Stored items from a collection
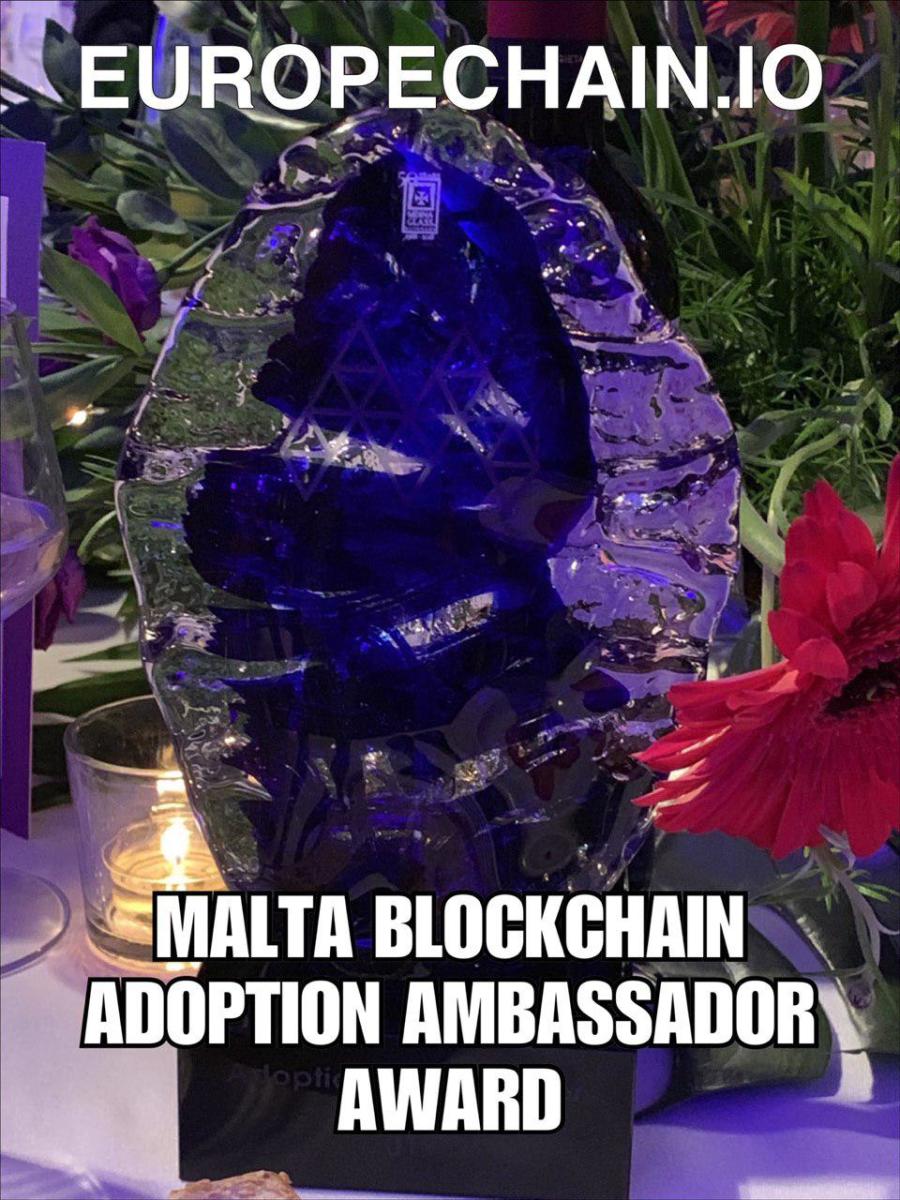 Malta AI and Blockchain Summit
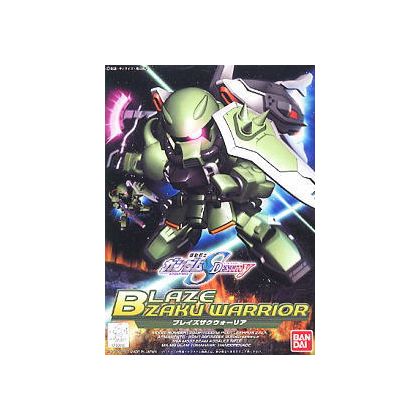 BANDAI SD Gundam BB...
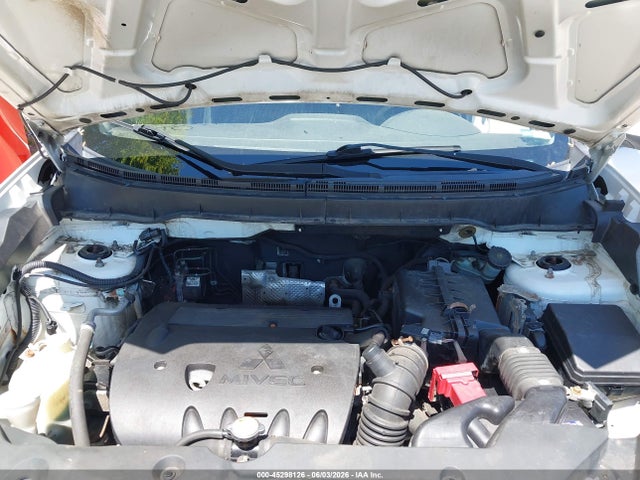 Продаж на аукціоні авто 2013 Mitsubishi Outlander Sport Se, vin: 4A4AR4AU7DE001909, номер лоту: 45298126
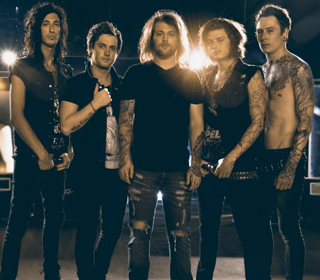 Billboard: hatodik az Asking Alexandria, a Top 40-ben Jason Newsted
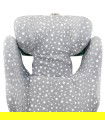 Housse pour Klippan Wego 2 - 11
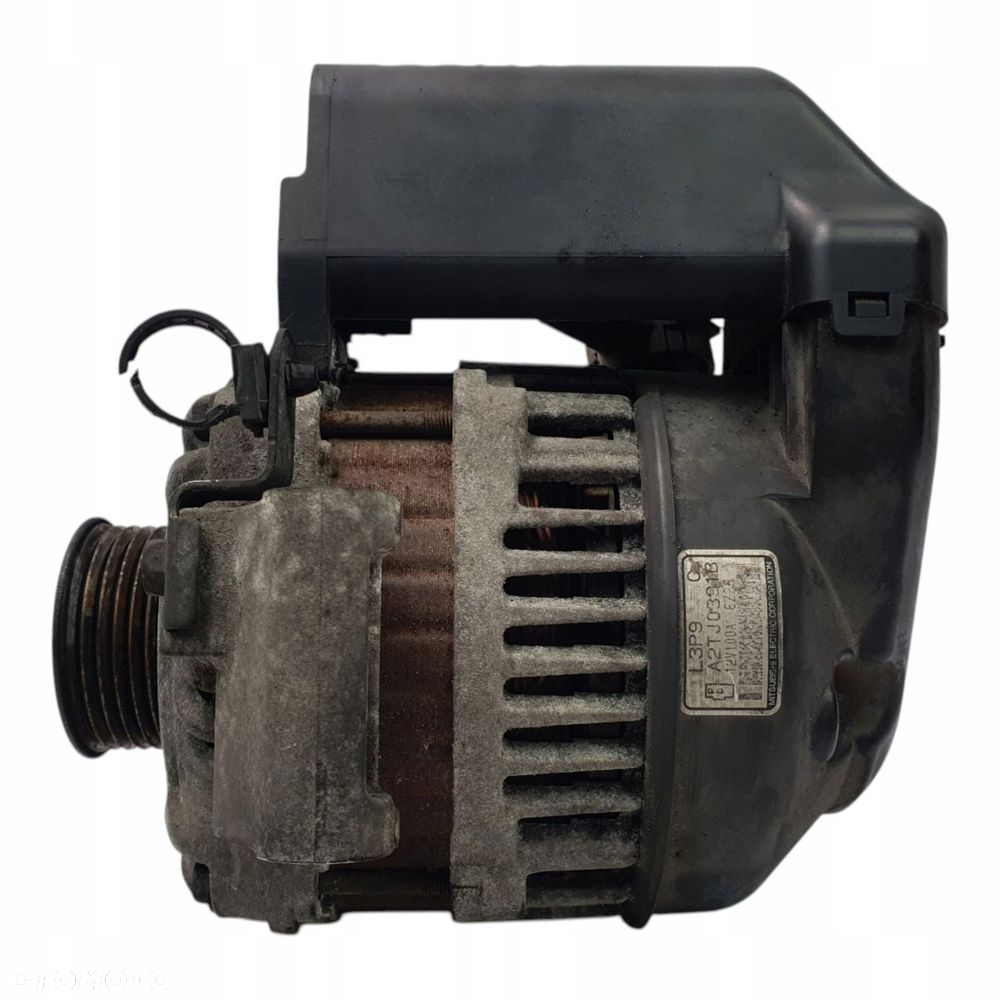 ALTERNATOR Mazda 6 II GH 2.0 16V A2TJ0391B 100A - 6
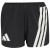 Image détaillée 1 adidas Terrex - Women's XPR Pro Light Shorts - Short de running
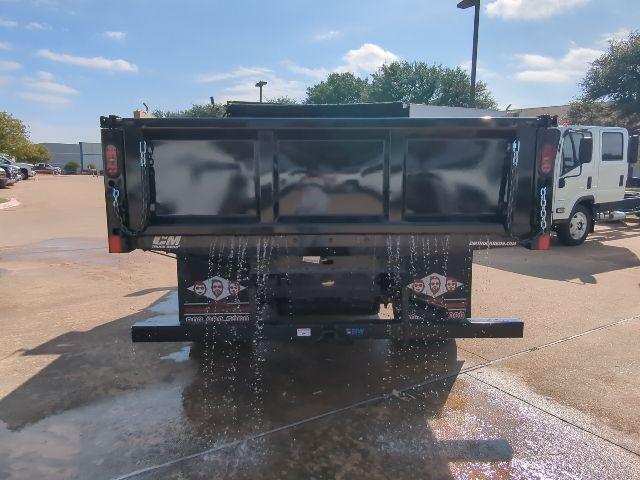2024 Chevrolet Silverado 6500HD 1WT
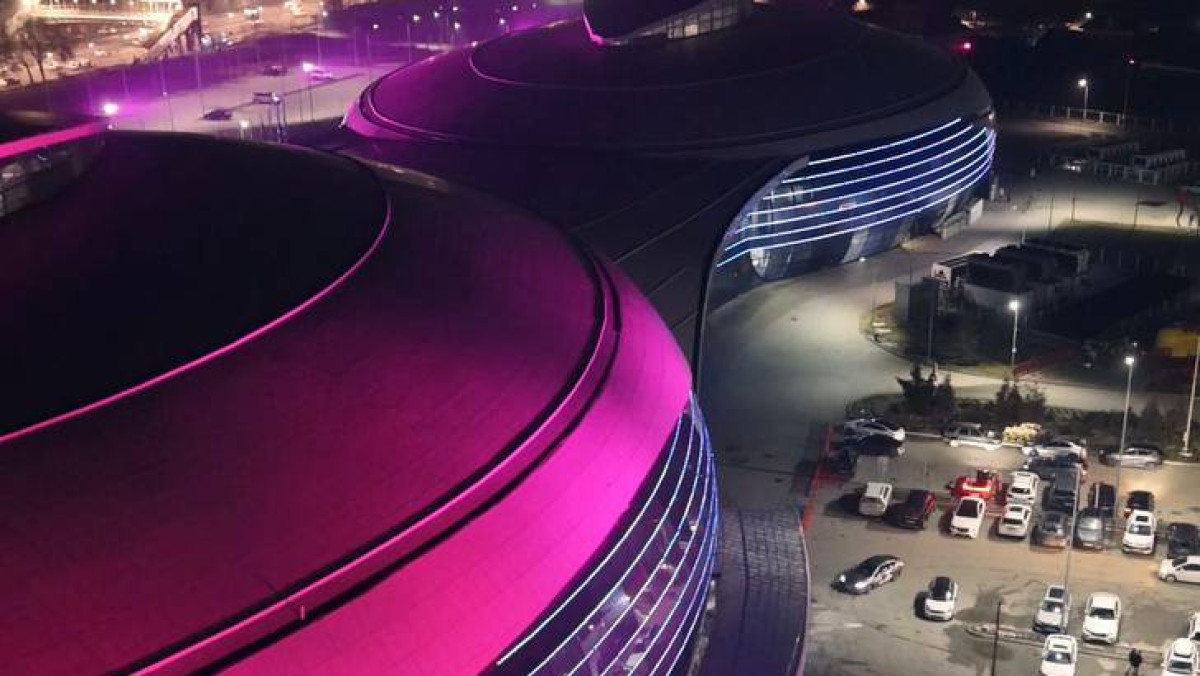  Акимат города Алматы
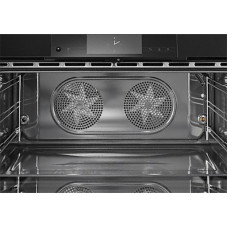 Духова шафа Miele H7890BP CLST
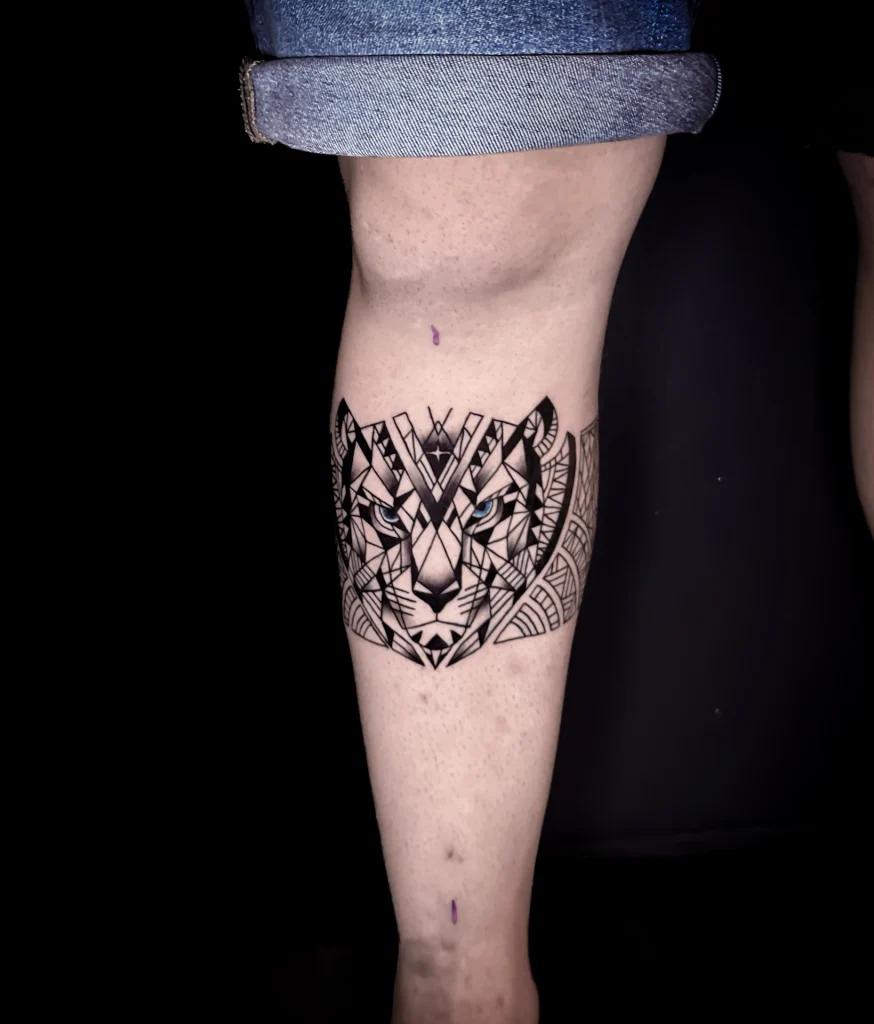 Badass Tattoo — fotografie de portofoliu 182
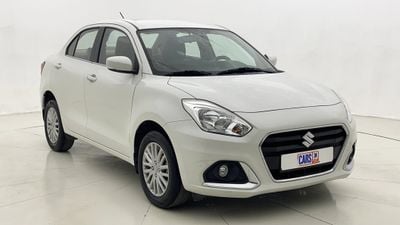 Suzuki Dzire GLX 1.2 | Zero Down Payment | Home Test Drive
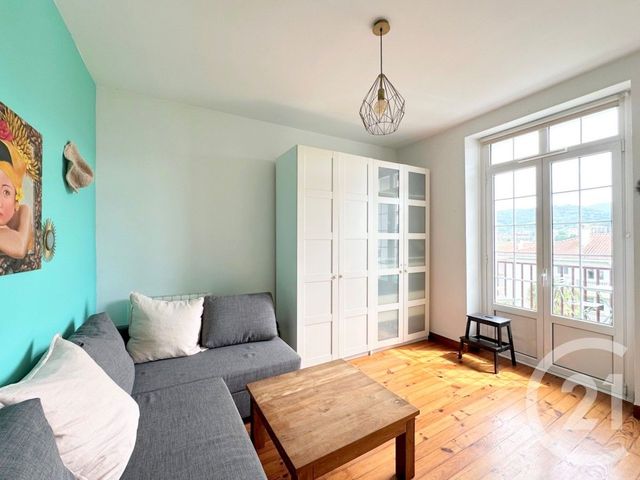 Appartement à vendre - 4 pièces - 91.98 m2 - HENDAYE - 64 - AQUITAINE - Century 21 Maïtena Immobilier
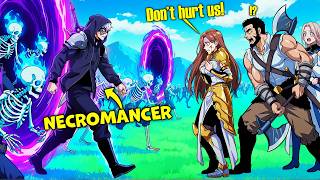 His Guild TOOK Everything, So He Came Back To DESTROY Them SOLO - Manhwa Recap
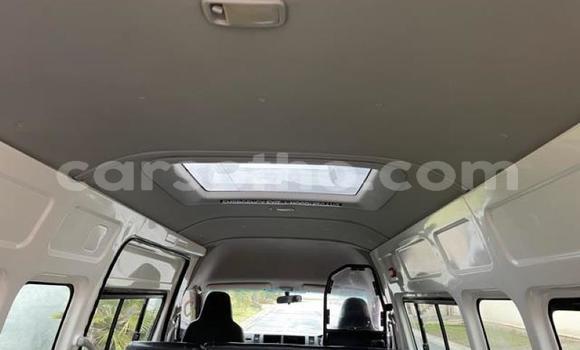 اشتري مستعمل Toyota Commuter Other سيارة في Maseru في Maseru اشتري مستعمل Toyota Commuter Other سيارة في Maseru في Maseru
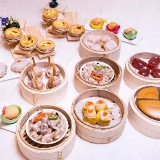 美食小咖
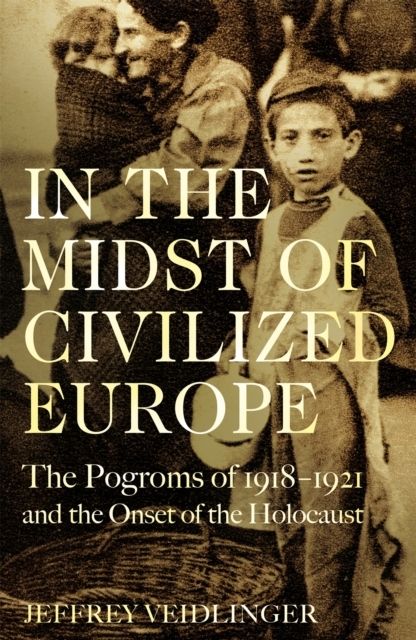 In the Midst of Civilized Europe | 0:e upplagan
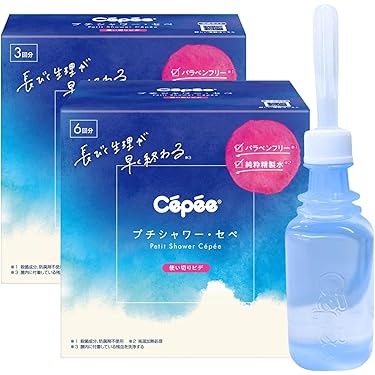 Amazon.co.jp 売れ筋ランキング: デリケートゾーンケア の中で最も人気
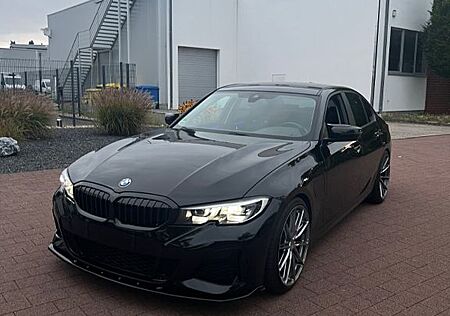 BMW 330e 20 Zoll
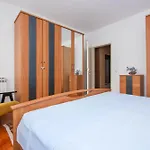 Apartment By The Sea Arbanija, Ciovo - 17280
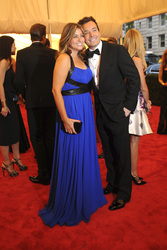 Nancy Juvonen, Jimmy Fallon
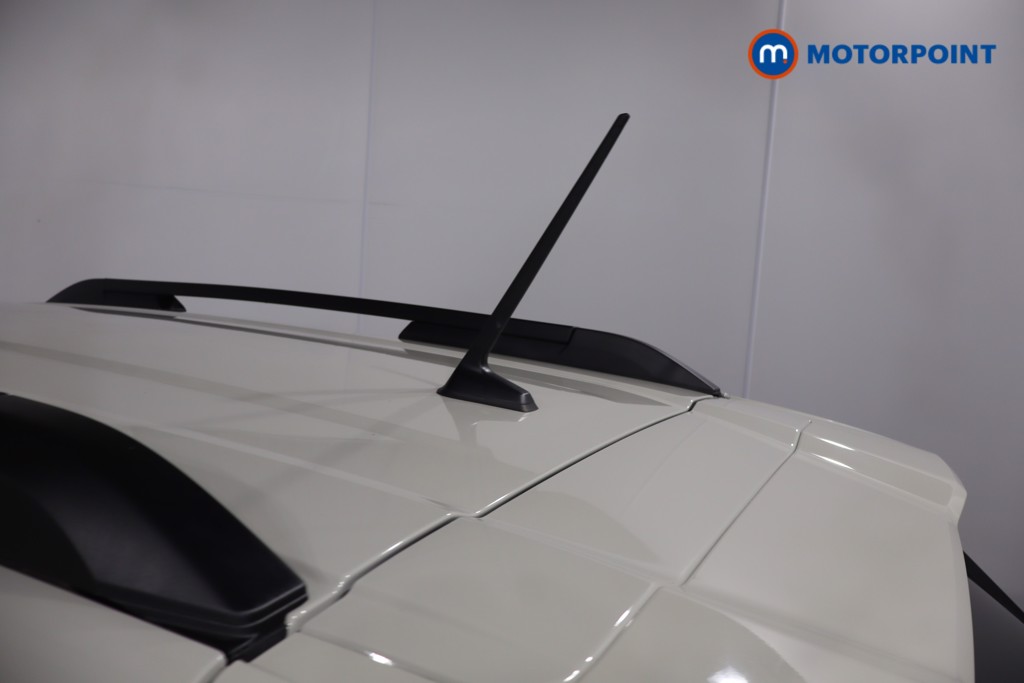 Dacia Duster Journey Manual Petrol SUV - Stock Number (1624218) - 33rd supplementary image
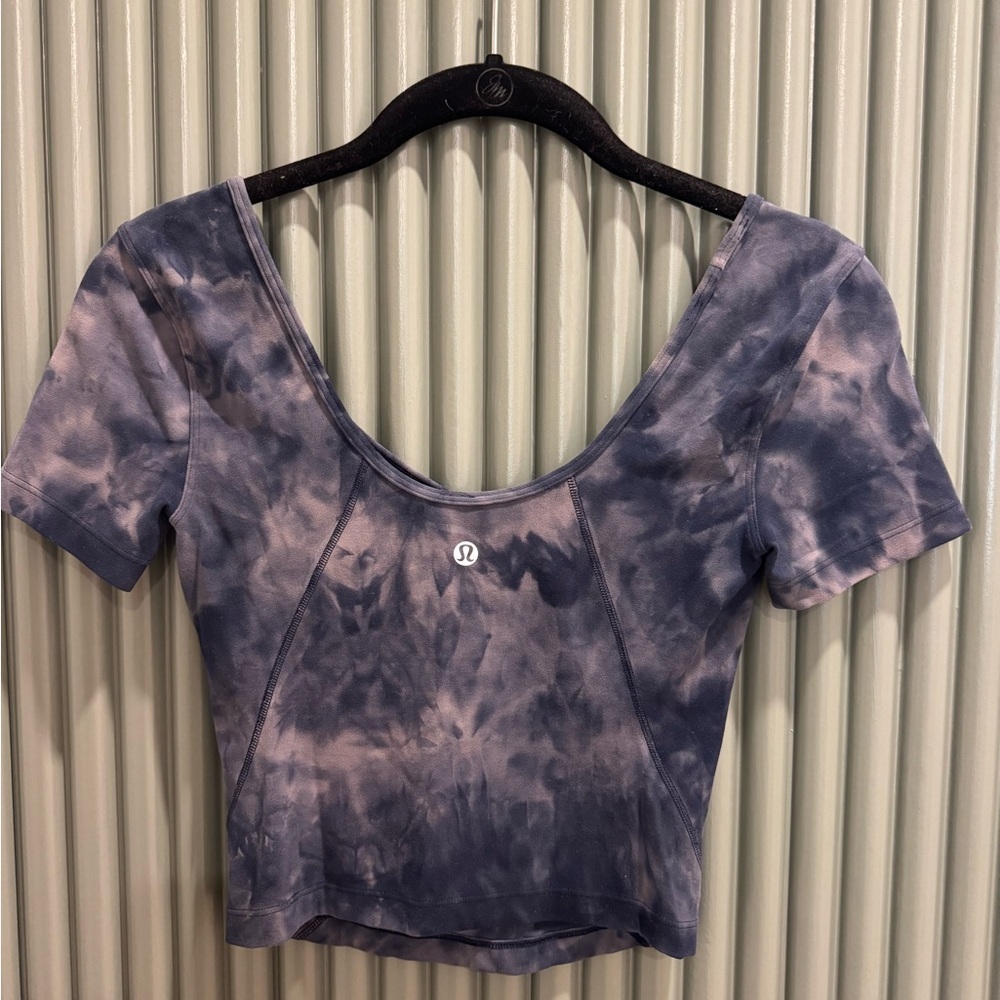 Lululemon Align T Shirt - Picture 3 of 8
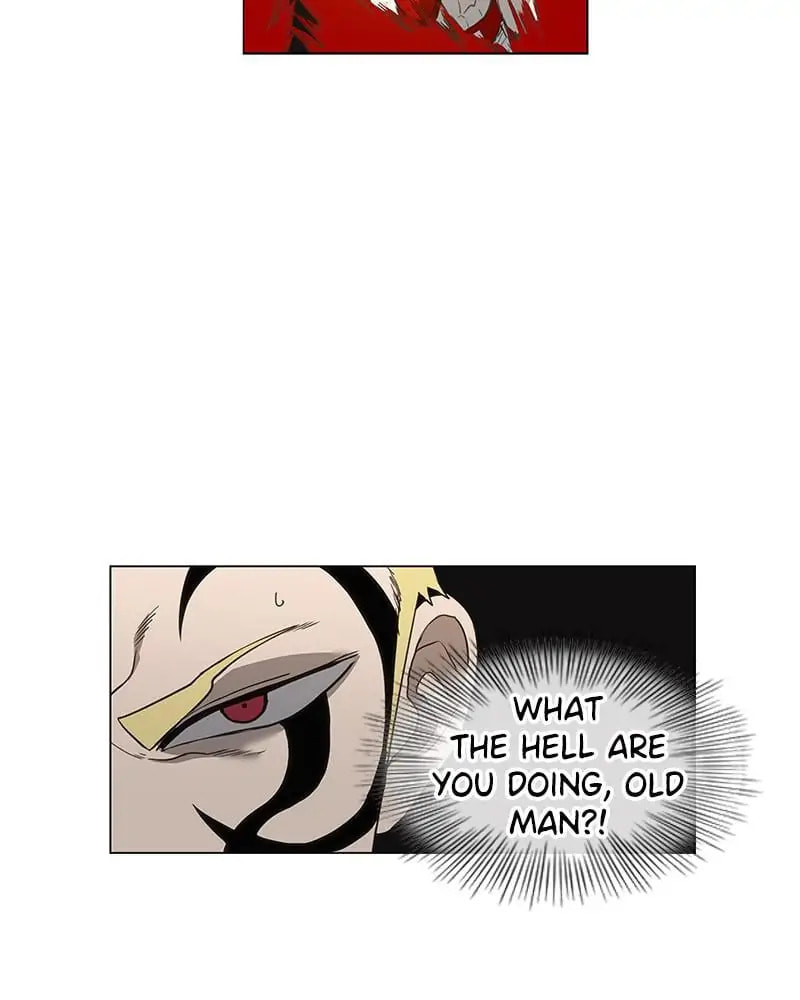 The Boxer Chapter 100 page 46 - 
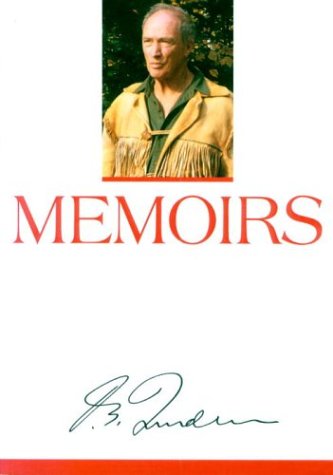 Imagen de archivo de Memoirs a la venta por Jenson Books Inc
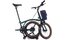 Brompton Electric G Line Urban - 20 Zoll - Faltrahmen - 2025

Instructions for the task:
Set the pictures aside and retype exactly the lines above from the line with "Amazon.co.jp 売れ筋ランキング: デリケートゾーンケア の中で最も人気" to the line with "Lululemon Align T Shirt - Picture 3 of 8", both included, adding no others.

Answer space:
 Amazon.co.jp 売れ筋ランキング: デリケートゾーンケア の中で最も人気
 BMW 330e 20 Zoll
 Apartment By The Sea Arbanija, Ciovo - 17280
 Nancy Juvonen, Jimmy Fallon
 Dacia Duster Journey Manual Petrol SUV - Stock Number (1624218) - 33rd supplementary image
 Lululemon Align T Shirt - Picture 3 of 8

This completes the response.